1. a kind of method for extracting separation laminarin from kelp, which is characterized in that include the following steps:
(1) feedstock processing: choosing commercially available kelp is raw material, is impregnated, and is cleaned after drying, and is crushed, sieving, and Kelp Powder is made, spare.
(2) digest: complex cellulase, pectase and protease carry out complex enzyme hydrolysis: Kelp Powder obtained in step (1) is taken, The citric acid-sodium citrate buffer or acetic acid that certain volume multiple is added adjust PH, and addition is answered with its weight 0.3-2%'s Condensating fiber element enzyme, the pectase of 0.1-2%, 0.1-2% protease, stir evenly, under certain temperature digest a few hours after, it is fast Speed is warming up to 80-100 DEG C of enzyme deactivation heat preservation extraction 1-3h.

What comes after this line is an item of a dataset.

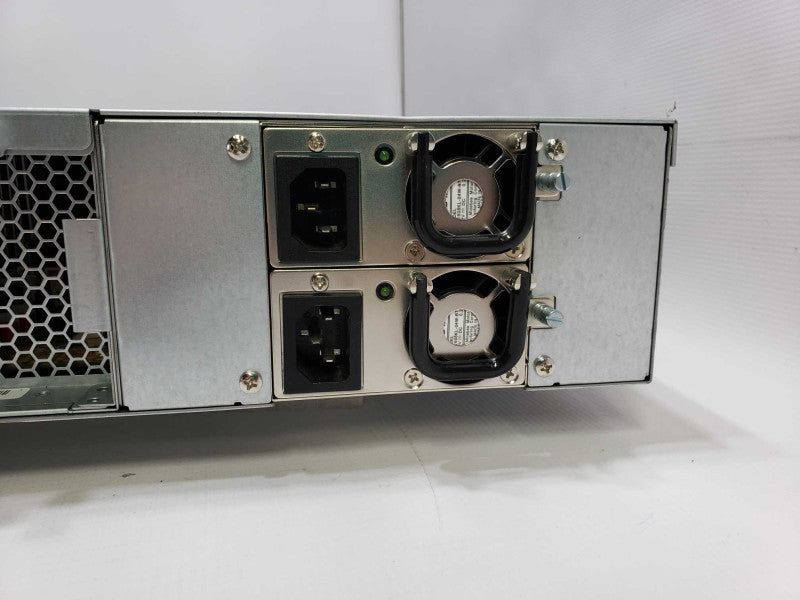 Qnap TS-879U-RP Network Attached Storage 4 GB RAM No Drives Barebones )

(3) ultrasonication: taking the slurries of step (2), ultrasonication 15-40min, and 30-65 DEG C of operative temperature, mistake after the completion Filtrate is collected in filter.
(4) it is concentrated: taking the polysaccharide solution of step (3), be placed in vacuum concentration equipment, control vacuum degree, be concentrated, obtain sea Band polysaccharide concentrate.
(5) dry: to take the laminarin concentrate of step (4) to pour into dry in culture dish, obtain kelp raw polysaccharide.
2. the method according to claim 1 for extracting laminarin from kelp, it is characterised in that: commercially available in step (1) Kelp is dry kelp or Fresh Laminaria Japonica, is crushed to 50-200 mesh.
3. the method according to claim 1 for extracting laminarin from kelp, it is characterised in that: crushed in step (2) 30-150 times of pure water of addition in Kelp Powder afterwards, 30-65 DEG C of hydrolysis temperature.
4. the method according to claim 1 for extracting laminarin from kelp, it is characterised in that: answering in step (2) Condensating fiber element enzyme is cellulase, zytase, hemicellulase, and protease is trypsase, papain or stomach cardia Enzyme.
5. the method according to claim 1 for extracting laminarin from kelp, it is characterised in that: compound in step (2) Cellulase, pectase, protease hydrolyzed time are 1-10h.
6. the method according to claim 1 for extracting laminarin from kelp, it is characterised in that: ultrasonic in step (3) Wave handles time 15-40min.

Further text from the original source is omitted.